Professor urges supermarket bag boycott

10 Jan, 2012 04:00 AM
A polymer expert has urged Canberrans to boycott plastic bags sold at supermarket checkouts and instead buy compostable bags and bin liners.

Professor of chemistry at the Australian National University Michelle Coote said the bags sold by Coles and Woolworths in response to an ACT Government ban on plastic bags thinner than 35 microns would never really breakdown, but rather just break into smaller and smaller pieces.

''If it's exactly the same plastic, then the thicker it is then the longer it will take to break down,'' she said.

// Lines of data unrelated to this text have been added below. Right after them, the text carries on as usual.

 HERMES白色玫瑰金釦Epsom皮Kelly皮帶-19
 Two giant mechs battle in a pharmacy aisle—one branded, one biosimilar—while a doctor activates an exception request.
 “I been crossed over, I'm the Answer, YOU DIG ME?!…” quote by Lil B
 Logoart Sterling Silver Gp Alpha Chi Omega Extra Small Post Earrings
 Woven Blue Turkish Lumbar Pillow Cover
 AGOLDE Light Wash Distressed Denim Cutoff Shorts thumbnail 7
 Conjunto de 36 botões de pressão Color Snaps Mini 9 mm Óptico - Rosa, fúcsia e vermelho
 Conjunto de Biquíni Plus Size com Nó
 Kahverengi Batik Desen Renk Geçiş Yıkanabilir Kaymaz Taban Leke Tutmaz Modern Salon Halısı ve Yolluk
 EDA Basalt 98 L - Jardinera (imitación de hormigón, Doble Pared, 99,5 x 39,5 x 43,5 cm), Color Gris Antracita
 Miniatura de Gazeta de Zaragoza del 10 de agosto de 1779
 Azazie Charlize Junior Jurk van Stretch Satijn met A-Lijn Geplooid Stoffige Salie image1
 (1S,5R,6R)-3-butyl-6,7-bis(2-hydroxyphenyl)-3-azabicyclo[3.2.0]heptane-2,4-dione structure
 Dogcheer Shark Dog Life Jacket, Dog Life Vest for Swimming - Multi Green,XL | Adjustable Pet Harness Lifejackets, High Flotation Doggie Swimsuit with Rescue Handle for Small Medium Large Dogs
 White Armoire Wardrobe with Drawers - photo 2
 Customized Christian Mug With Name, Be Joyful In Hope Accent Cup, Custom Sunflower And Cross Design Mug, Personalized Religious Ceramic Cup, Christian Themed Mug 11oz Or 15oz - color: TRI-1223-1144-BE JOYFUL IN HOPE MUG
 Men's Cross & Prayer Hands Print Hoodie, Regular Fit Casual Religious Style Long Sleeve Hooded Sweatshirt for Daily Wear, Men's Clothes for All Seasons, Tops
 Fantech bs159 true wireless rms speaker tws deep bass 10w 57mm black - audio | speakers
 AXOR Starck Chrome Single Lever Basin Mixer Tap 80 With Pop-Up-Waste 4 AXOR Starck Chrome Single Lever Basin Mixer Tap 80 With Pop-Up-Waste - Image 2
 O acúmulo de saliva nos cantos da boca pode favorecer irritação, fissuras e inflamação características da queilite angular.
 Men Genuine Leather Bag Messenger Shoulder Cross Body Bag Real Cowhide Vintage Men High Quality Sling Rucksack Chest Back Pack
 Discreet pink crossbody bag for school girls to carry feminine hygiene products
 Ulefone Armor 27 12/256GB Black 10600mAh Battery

But some Canberrans are using the 15c bags as bin liners. Janeen Williams, of Forrest, said she has not resorted to purchasing bin liners since plastic bags were banned from Canberra supermarkets, but she will have to in the near future.

''I have found the bags on sale for 15c work well as a liner as I have small bins in my apartment,'' Mrs Williams said.

The grandmother and her daughter, Felicity Williams Dowden, who lives in Lyneham, said they both remembered their ''green'' bags most of the time, and Ms Williams Dowden is adamant the ban is a positive step for Canberra.

''It is absolutely a great move - we always carry our recyclable bags now,'' she said.

Almost 600 people responded to a Canberra Times online poll yesterday that asked, ''Have you been buying more bin liners since the plastic bag ban came into effect?''

Just over 65per cent said yes with 34per cent responding no.

About 64 million plastic bags were sent to ACT landfill last year and Professor Coote said Canberrans should switch to biodegradable bags and bin liners.

''[Some bags] are designed to be compostable and in the presence of water will do a process called hydrolysis and turn back into fairly harmless things,'' she said.

But Coles' head of communications, Jon Church said the company had no plans to introduce biodegradable bags in its stores because of the poor quality of materials currently available.

''We believe the reusable bags are a better option for customers to take their shopping home in,'' Mr Church said.

Similarly, a spokeswoman from Woolworths said the company had no plans to introduce biodegradable bags.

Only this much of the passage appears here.